## Data
= Beginning of Section =

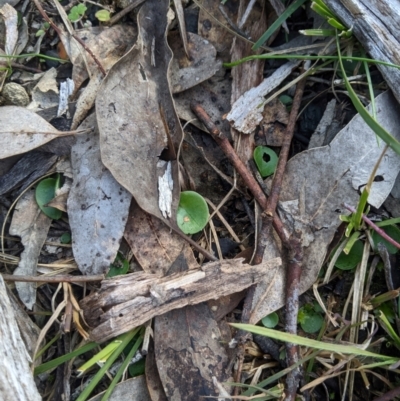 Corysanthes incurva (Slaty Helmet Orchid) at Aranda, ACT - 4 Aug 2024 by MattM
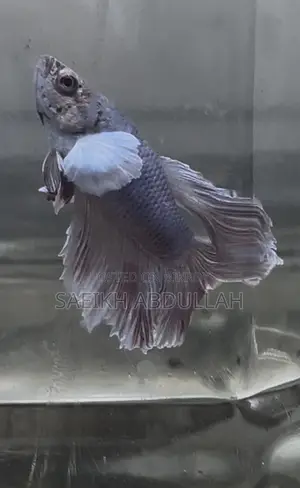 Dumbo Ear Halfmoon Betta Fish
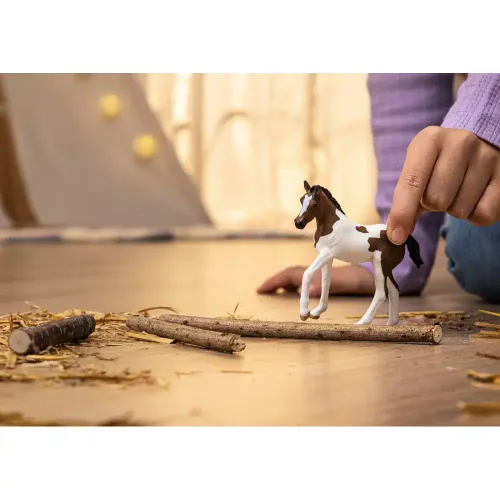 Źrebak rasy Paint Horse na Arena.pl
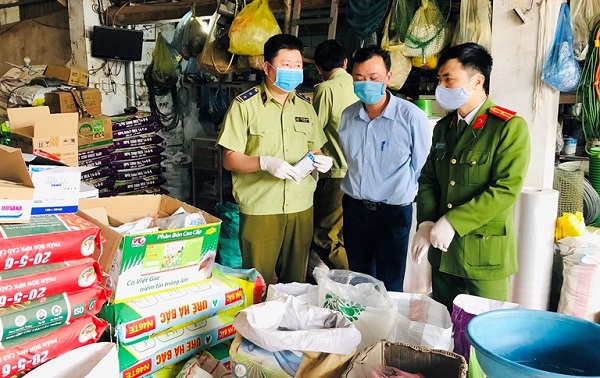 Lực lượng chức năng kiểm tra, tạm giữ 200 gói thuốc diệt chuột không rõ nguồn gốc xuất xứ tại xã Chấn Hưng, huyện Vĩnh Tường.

= End of Section =
= Beginning of Section =

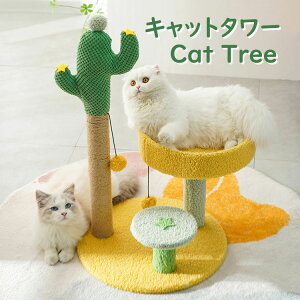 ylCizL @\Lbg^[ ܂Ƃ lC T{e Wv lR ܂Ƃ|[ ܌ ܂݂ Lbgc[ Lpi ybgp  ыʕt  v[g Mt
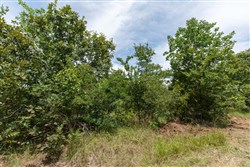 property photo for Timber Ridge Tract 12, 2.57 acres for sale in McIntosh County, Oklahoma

= End of Section =

## Action item
Although the records above contain pictures, the copy should not; retype exactly the lines from the one containing "ylCizL @\Lbg^[ ܂Ƃ" through the one containing "property photo for".

## Output for this task
 ylCizL @\Lbg^[ ܂Ƃ lC T{e Wv lR ܂Ƃ|[ ܌ ܂݂ Lbgc[ Lpi ybgp  ыʕt  v[g Mt
 property photo for Timber Ridge Tract 12, 2.57 acres for sale in McIntosh County, Oklahoma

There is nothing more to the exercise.